Anthropic officially launched its Claude Sonnet 4.5 artificial intelligence (AI) model, declaring it the “best coding model in the world.” The company emphasized its extensive improvements across various critical domains, including coding prowess, advanced agentic operations, general computer use, intricate reasoning capabilities, and specialized domain knowledge. This powerful new model is readily available across Anthropic’s Claude website, its dedicated mobile applications, the Claude Code platform, its application programming interface (API), and an eagerly anticipated Claude for Chrome browser extension. Furthermore, Anthropic highlights the model’s impressive ability to operate autonomously on a single task for up to 30 hours.
Claude Sonnet 4.5: Key Features and Capabilities
In a comprehensive announcement, Anthropic detailed the core advancements of its latest AI model. Claude Sonnet 4.5 is engineered to deliver a substantial leap in both coding and agentic performance, though other aspects of the model have also received notable enhancements. Despite these significant upgrades, the company notes that the new model offers incremental improvements rather than introducing entirely new core capabilities or modalities.
Internal evaluations by Anthropic reveal that the large language model (LLM) achieved an impressive score of 77.2 percent on the SWE bench-Verified benchmark, a critical measure of a model’s agentic coding abilities. This score remarkably surpasses those recorded by leading competitors such as OpenAI’s GPT-5 and Google’s Gemini 2.5 Pro, as well as Anthropic’s own previous flagship, Opus 4.1. The article also included a visual aid demonstrating Claude Sonnet 4.5.
The capabilities of Claude Sonnet 4.5 were put to the test by Gadgets 360 staff members, including a demo of its coding prowess. During a brief hands-on session, the model was tasked with developing a WhatsApp-style messaging chatbot, featuring functionalities like individual and group chats, along with audio and video call support. Within a mere two minutes, the AI successfully generated 436 lines of React code and provided a functional preview of the user interface (excluding server connectivity).

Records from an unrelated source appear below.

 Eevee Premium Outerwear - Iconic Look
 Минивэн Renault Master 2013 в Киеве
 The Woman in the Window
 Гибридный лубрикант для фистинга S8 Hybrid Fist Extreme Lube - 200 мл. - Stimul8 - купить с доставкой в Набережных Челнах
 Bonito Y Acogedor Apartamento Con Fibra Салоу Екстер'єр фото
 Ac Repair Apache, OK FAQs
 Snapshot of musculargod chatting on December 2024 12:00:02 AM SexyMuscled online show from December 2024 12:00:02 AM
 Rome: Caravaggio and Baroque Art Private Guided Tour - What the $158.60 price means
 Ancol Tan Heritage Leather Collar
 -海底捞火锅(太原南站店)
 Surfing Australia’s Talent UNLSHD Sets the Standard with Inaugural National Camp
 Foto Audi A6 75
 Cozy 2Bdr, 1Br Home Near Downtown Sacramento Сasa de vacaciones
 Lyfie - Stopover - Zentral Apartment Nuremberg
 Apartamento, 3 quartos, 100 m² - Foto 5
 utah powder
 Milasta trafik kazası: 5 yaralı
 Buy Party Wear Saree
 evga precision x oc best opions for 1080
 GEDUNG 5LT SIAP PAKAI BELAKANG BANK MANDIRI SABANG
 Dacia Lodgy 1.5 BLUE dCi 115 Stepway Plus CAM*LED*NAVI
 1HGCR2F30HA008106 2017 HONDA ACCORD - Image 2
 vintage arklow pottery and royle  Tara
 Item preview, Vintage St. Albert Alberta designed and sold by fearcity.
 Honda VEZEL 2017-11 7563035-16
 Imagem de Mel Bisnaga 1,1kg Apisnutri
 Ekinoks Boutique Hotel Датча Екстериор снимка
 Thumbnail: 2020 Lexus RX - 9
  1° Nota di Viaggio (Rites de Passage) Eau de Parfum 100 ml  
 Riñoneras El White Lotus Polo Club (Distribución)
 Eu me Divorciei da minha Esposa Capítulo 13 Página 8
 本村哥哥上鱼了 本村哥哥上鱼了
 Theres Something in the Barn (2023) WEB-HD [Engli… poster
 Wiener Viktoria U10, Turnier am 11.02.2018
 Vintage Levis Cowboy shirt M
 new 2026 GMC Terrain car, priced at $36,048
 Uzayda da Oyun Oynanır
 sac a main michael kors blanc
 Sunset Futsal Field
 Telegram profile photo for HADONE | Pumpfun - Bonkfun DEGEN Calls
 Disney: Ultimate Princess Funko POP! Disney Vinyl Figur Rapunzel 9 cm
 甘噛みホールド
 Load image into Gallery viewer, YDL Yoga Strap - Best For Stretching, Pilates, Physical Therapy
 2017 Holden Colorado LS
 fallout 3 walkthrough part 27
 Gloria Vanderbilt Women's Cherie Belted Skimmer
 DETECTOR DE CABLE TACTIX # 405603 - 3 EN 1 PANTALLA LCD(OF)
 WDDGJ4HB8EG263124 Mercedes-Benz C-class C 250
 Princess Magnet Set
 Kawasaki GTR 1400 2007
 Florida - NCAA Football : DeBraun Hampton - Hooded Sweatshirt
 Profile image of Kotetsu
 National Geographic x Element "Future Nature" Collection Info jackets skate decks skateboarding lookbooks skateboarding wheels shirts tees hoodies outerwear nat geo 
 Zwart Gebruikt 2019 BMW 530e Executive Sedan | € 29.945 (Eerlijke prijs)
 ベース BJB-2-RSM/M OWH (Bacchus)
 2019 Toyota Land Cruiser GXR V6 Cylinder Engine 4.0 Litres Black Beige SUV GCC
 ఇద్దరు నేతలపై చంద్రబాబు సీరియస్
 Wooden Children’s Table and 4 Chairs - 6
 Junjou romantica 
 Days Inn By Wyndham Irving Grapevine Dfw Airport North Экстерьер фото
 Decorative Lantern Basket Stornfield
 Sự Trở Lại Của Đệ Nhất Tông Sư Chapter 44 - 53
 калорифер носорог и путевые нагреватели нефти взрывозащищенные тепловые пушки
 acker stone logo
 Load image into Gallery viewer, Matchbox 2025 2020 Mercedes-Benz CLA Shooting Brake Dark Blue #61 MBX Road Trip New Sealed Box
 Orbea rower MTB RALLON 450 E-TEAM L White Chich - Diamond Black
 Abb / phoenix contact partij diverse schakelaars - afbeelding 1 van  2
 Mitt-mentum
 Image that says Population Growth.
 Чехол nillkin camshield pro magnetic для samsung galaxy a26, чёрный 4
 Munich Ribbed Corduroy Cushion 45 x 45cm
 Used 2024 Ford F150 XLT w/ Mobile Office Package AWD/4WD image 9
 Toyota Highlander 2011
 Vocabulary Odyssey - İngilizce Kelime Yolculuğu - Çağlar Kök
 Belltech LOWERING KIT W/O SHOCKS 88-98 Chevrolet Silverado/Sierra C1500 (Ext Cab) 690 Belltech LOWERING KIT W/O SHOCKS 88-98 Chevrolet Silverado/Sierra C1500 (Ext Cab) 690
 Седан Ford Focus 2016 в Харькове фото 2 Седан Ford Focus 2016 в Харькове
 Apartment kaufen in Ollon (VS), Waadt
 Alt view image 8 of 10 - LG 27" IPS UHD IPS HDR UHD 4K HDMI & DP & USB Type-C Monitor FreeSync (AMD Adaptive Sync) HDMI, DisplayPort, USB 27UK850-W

Beyond coding, Claude Sonnet 4.5 demonstrated its leadership in other benchmarks. These include Terminal Bench and OSWorld for computer usage, AIME 2025 for advanced high-school mathematics, and Finance Agent for detailed financial analysis. While it performed exceptionally, Google’s Gemini 2.5 Pro showed a slight edge in reasoning-based GPQA Diamond, and OpenAI’s GPT-5 excelled in the MMMU benchmark for visual reasoning and MMLU for multilingual performance.
Anthropic further asserted that Claude Sonnet 4.5 outperforms all its predecessors in terms of domain-specific knowledge and sophisticated reasoning across diverse fields such as finance, law, medicine, and STEM disciplines.
Regarding safety, Anthropic proudly states that Claude Sonnet 4.5 stands as its “most aligned frontier model.” The company has implemented measures to significantly reduce undesirable behaviors like sycophancy, deception, power-seeking tendencies, and the encouragement of delusional thinking. Robust safeguards have also been incorporated to protect the model against prompt injection attacks. An accompanying video also detailed aspects of the model.